Today, roughly 19 out of 20 home mortgages in the United States are made by and guaranteed by the U.S. government through Fannie, Freddie or FHA. There is a general agreement in Washington that this cannot continue and that these entities must be liquitated. However, there is not agreement on what the proper system should be to replace them.
What's the Solution?
The correct solution, the one that will work, is in the middle. To this end, Congressman John Campbell, along with his lead Democratic cosponsor, Congressman Gary Peters, introduced the Housing Finance Reform Act. This bill will liquidate the failed GSEs, Fannie and Freddie, and replace them with multiple (10, 20 or more) privately held and funded "associations" to guarantee mortgages. These associations will act very much like the public utility that sells you electricity or natural gas.

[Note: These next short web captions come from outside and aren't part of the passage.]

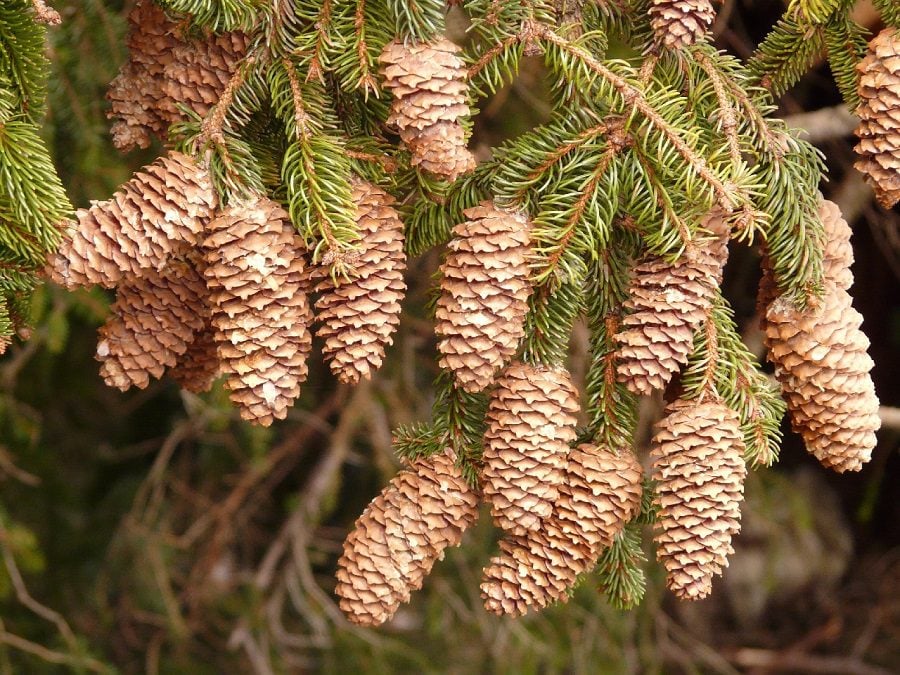 fast-growing evergreen trees michigan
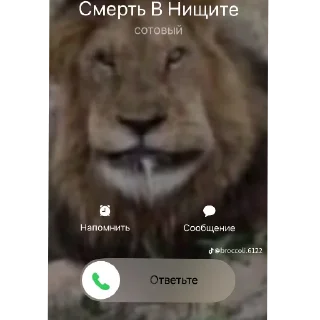 Video sticker 👍 Мемчик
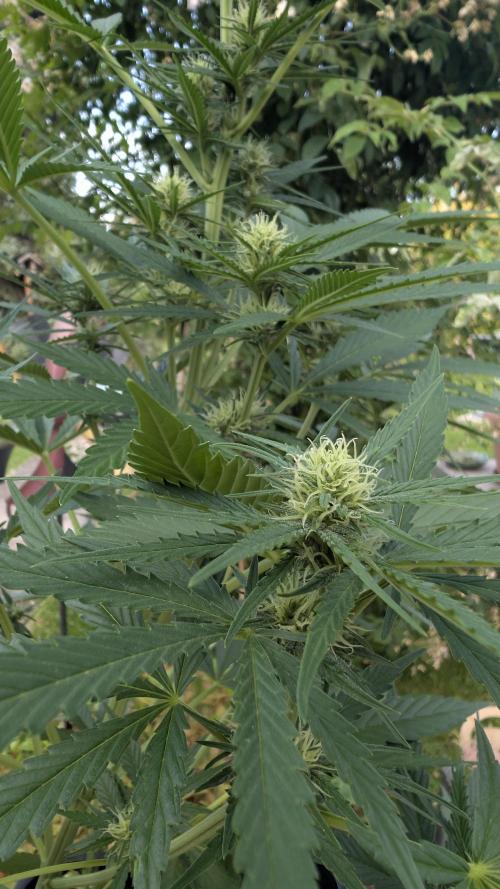Strawberry Banana Auto - Outdoor. Week 7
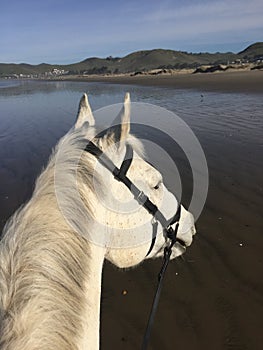 Gray horse on beach looking towards Cayucos, CA photo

They will be highly regulated by a newly created regulator that will be very independent of political influence. They will not be allowed to be involved in any other business other than guaranteeing mortgages. They cannot be controlled by entities that originate the mortgages. They will be able to purchase a limited, but explicit federal guarantee of the mortgage security, not the association. That federal guarantee is what will allow 30 year fixed-rate mortgages to continue and what will create stability in the market so that mortgages are always available to credit-worthy borrowers. But, the guarantee will be very different than what Fannie and Freddie had. There will be a whole lot of private capital that will have to be lost before any taxpayer money is at risk. As a general rule, 20% down payments will be required. The associations will also hold a lot of capital, which must be lost first. And, the money they pay for the federal guarantee will work like FDIC insurance in that the payment creates a fund to cover losses should one of the associations fail. And, even then the regulator can assess additional money from the associations to fill up the fund, should it be depleted by a failure.